**App Review: SciPro Math - Campusano (Revisited)**
**The Return of SciPro Math**
If you want to see my review of my previous version, please check here:

http://edspi31415.blogspot.com/2018/01/app-review-scipro-math-campusano-apple.html
This review is for the current version (Version 4). I was emailed by the programmer Roberto A. Campusano when the latest version is now available.

Quick Facts:

Title: SciPro Math

Author/Programmer: Robert A. Campusano

Platform: iOS

Price: $9.99

Version: 4.0

Website:

https://scipromath.com/
**Introduction**
The SciPro Math calculator app is a scientific calculator that features over 648 functions that features many applications, including:

* U.S.-SI Conversions

* Finance

* Geometry

* Fractions and Proportions

* Solving Linear Systems up to 4 x 4

* Solving Polynomials up the order 4

The SciPro Math has two modes. If your Apple device (iPhone, iPad, or iPod Touch) is in the portrait position, it is a simple, four function calculator. If your Apple device is in the landscape position, it is in the scientific calculator.

The calculator runs in Chain mode. Therefore, there is no algebraic preferences or parenthesis. It could get a little used to if you are accustomed to traditional scientific calculators, but not a big deal once get a hang of it. If you are used to regular four-function calculators, you should feel right at home with the operation of the SciPro Math.

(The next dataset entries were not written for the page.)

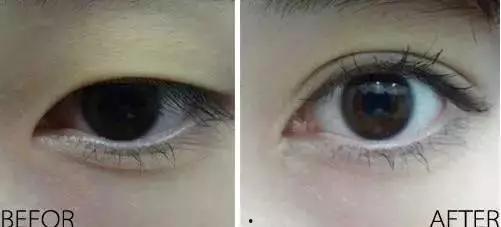 做双眼皮的明星,跟随这些偶像打造完美眼型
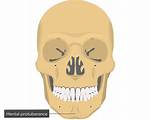 Mental Protuberance
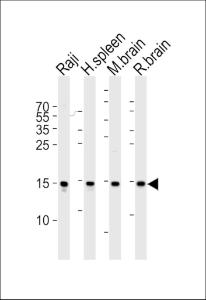 Anti-FIS1 Rabbit Polyclonal Antibody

The rest of this review and blog will assume that you are working in scientific calculator mode (landscape).

**The Modifier Toggle Keys**
The calculator has five modifier keys: [ 2nd ], [ 3rd ], [ rad (off), deg (on) ] (4th), [ 5th ], and [ 6th ]. The modifier keys act as toggles, and depending on whether they are turned on and off, determine what keyboard is present. You can quickly access any keyboard by entering the keyboard's number and pressing the purple [SC] key on top of the app.

I'm going to give details on some of the keyboards later, but information for all the 24 keyboards can be found here:

https://scipromath.com/the-screens/
Think of the modifier keys as "binary powers of 2:"

[2nd] is the 1 flag

[3nd] is the 2 flag

[rad/deg (4th)] is the 4 flag

[5th] is the 8 flag

[6th] is the 16 flag

Any total of flags that exceed 24 shows the 24th keyboard: Storage Space keyboard. Here you can access 26 memory registers Av through Zv.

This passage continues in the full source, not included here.